Emerging in the mid 1980s as a precise but playful analyst of social and technological changes, Julia Scher has been working with video surveillance for over 40 years. She addresses surveillance both as a concrete phenomenon of control, including its apparatus and architecture, as well as its impact on private and public spheres. Her performances and installations drew attention to the effects of omnipresent cameras and monitors, anticipating our surveillance-saturated society decades before it had fully arrived.
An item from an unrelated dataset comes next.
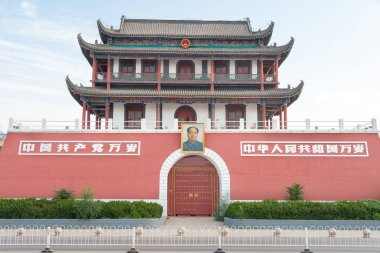 Ningxia, China - 18 Ağustos 2015: Sabah görünümü Yinchuan içinde (Nanmen) güney kapısında. Yinchuan, Ningxia, China ünlü dönüm noktası.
The artist’s focus on the regulation and control of our private sphere is exemplified by her central works Mama Bed and Papa Bed, 2003. Mama Bed and Papa Bed are two of three installation works (Mama Bed, Papa Bed and Baby Bed) that made up the work Embedded (2003), which debuted in Max Hollein’s era-defining exhibition At Your Own Risk at the Schirn Kunsthalle, Frankfurt. They are also part of the Surveillance Beds series that Julia Scher created between 1994 and 2003. Another work from this series, Surveillance Bed IV, will be shown at Centre Pompidou in early 2025 as part of their collection presentation celebrating the seminal French collector Jean Chatelus, who passed away earlier this year. Each work
consists of four steel poles, a flat surface in the middle and various electronic components: cameras, monitors, microphones and cabling. Specific components of Mama Bed include children picture books (namely Goldilocks and the Three Bears) as well as a leather whip, common in BDSM practice, displayed on top of the bed. Specific components of the Papa Bed include uniforms of the US army, folded and placed on the bed. The original constellation of three works vaguely referenced Goldilocks, a fairytale in which three bear protagonists (the bear-father, the bear-mother and the bear-child) find their beds unmade by an unwanted human girl, a metaphor for the violence and trespassing that can occur even in the most intimate spaces.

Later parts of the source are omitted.